§ EXERCISE
Output only the lines that run from the line holding "Renault Megane, 1.5" to the end of the entries, both ends included, and skip the pictures.

§ RECORDS SHOWN
= = =

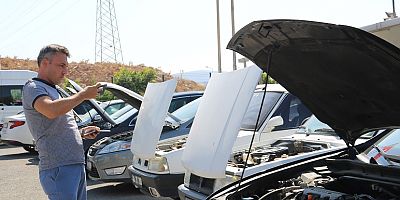 Ömrünü tamamlayan taşıtlardan 3 milyon tl gelir
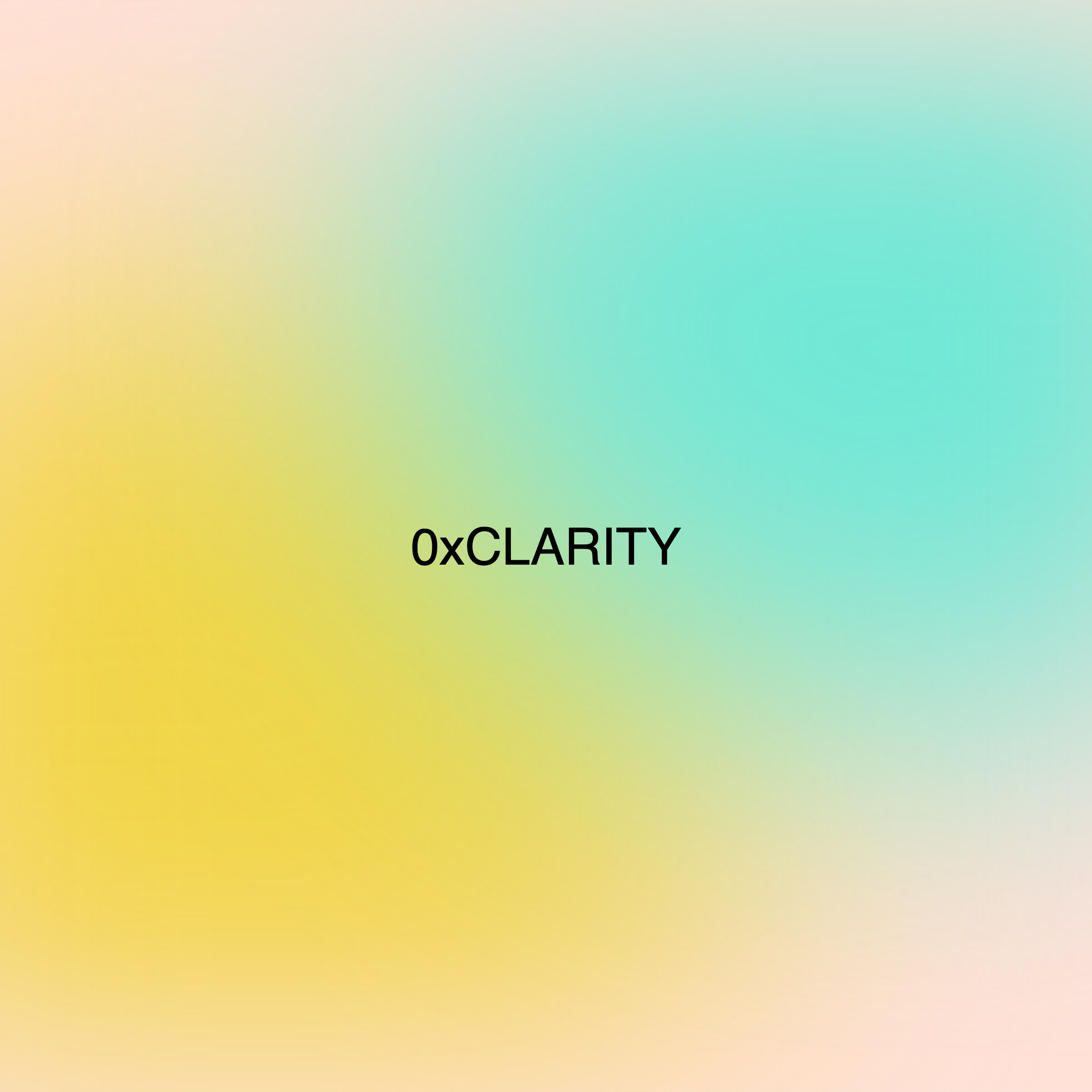 0xCLARITY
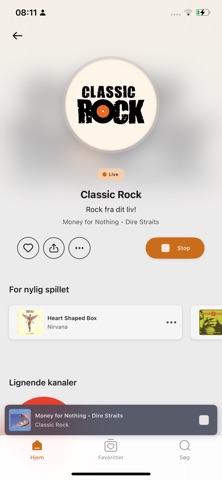 Classic Rock screenshot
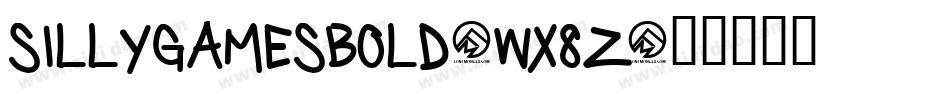 SillyGamesBold-WX8z字体转换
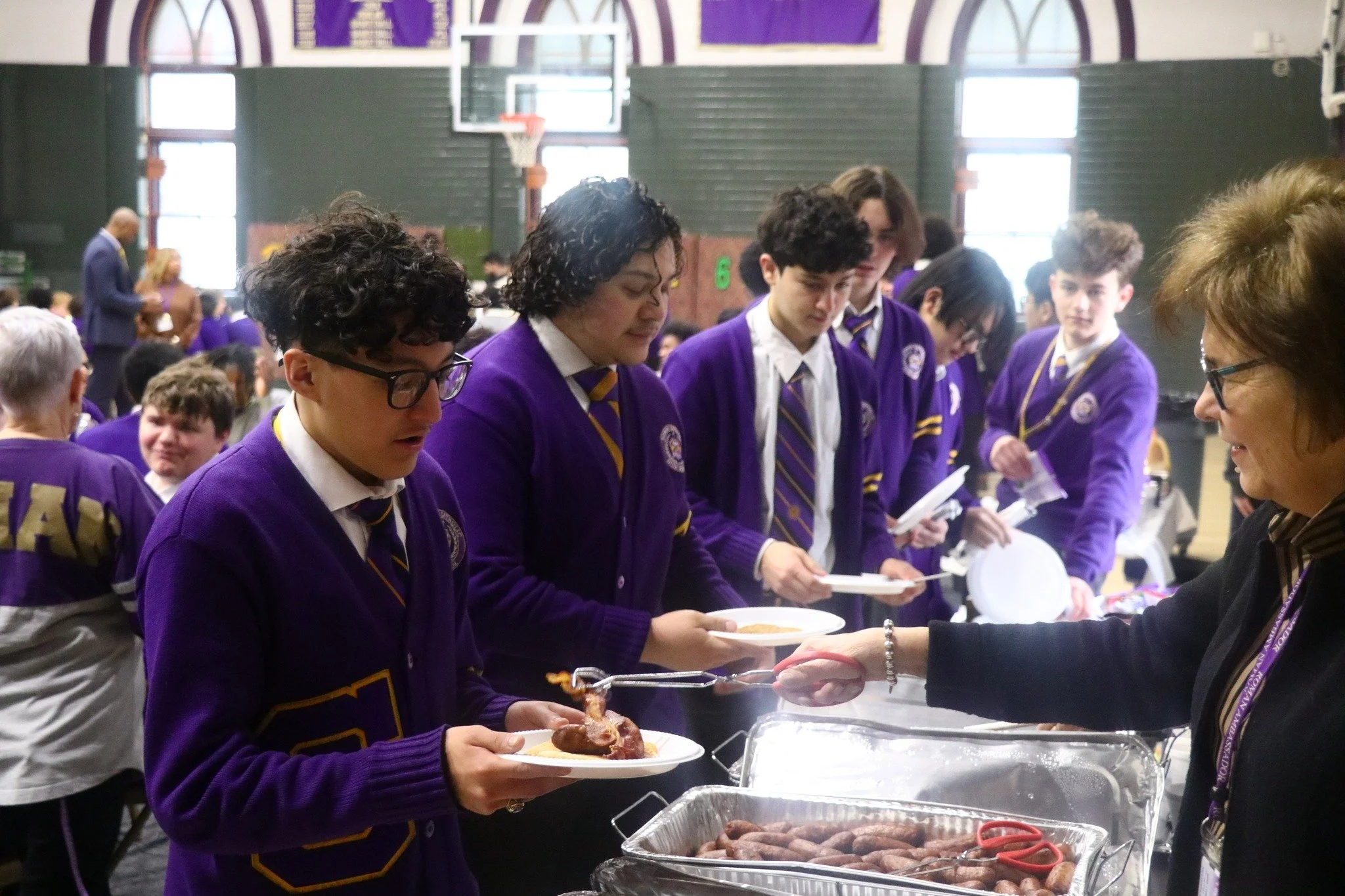 Last week, we gathered to celebrate our seniors with a special breakfast marking just 100 days until graduation! The Class of 2026 enjoyed a catered meal together, taking time to reflect, laugh, and make a few more memories as brothers.

After breakf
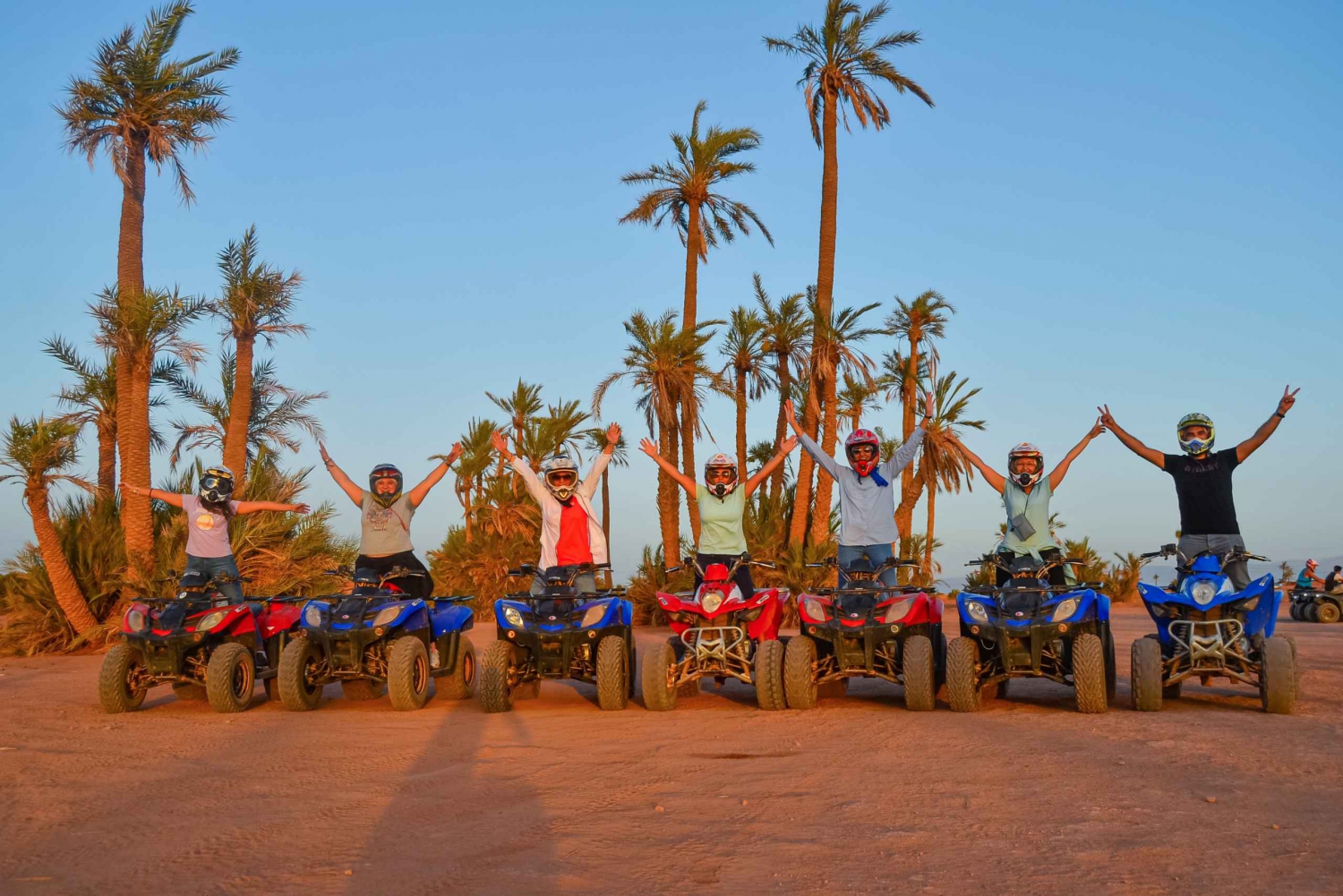 Marrakech: Palm Grove Quad Bike Tour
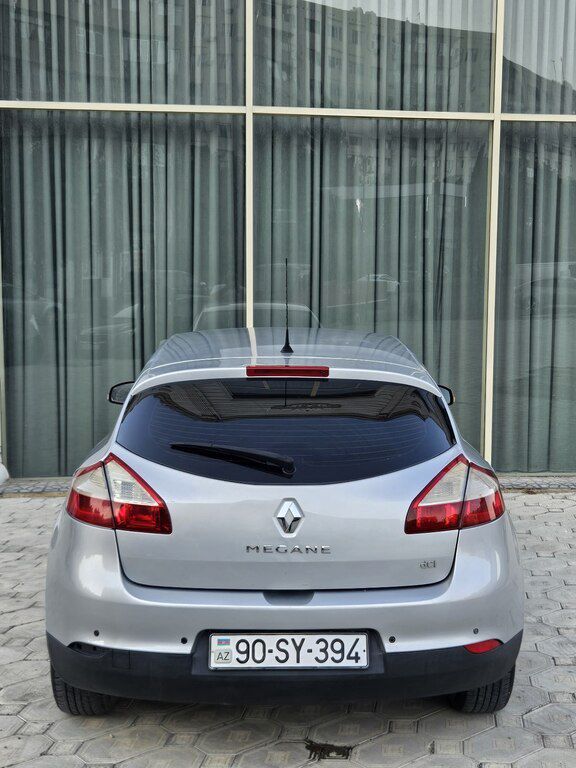 Renault Megane, 1.5 L, 2013 il, 345 000 km — Avtomobillər, Bakı (4)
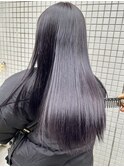 【ブルベ冬】ブルーブラック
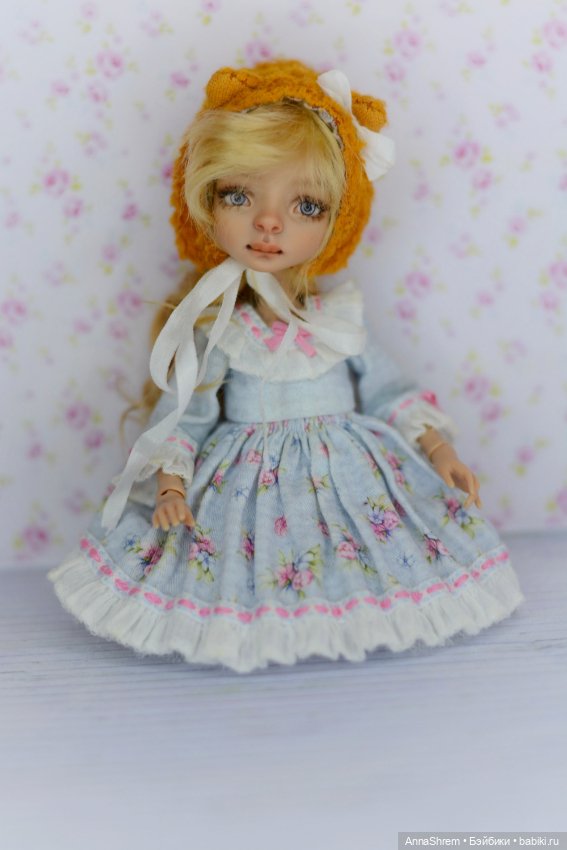 Жу в разных шапочках — Одежда и обувь для кукол BJD (БЖД): 1/3 (фото 3)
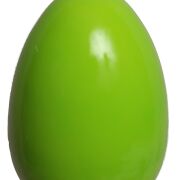 świeca Jajo duże lakier 15cm różne kolory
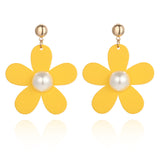 Flower Earrings, Women's Jewelry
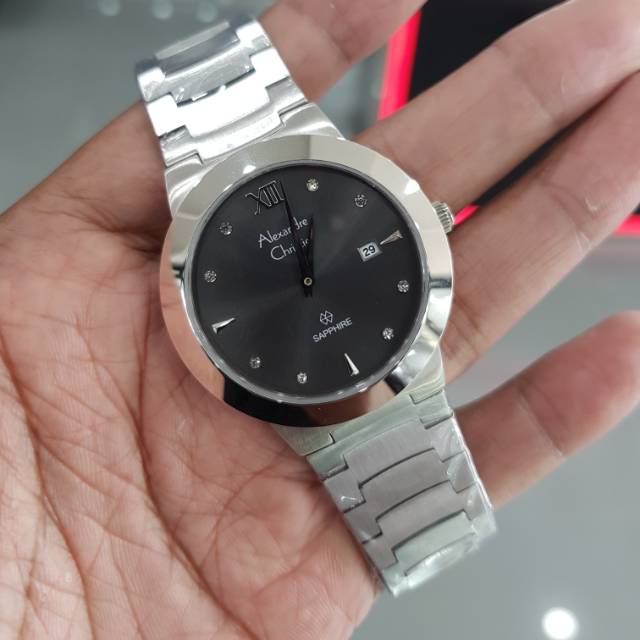 Jam Tangan Alexandre Christie Ac 8569 Original Garansi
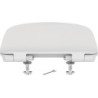 Abattant de toilette ultra plat frein de chite (softclose) blanc - T352701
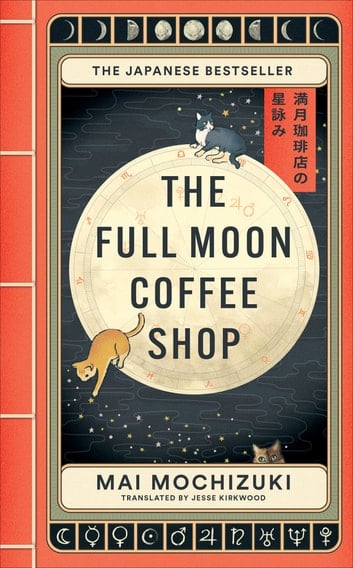 The Full Moon Coffee Shop - Cover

= = =

§ ANSWER SPACE
 Renault Megane, 1.5 L, 2013 il, 345 000 km — Avtomobillər, Bakı (4)
 【ブルベ冬】ブルーブラック
 Жу в разных шапочках — Одежда и обувь для кукол BJD (БЖД): 1/3 (фото 3)
 świeca Jajo duże lakier 15cm różne kolory
 Flower Earrings, Women's Jewelry
 Jam Tangan Alexandre Christie Ac 8569 Original Garansi
 Abattant de toilette ultra plat frein de chite (softclose) blanc - T352701
 The Full Moon Coffee Shop - Cover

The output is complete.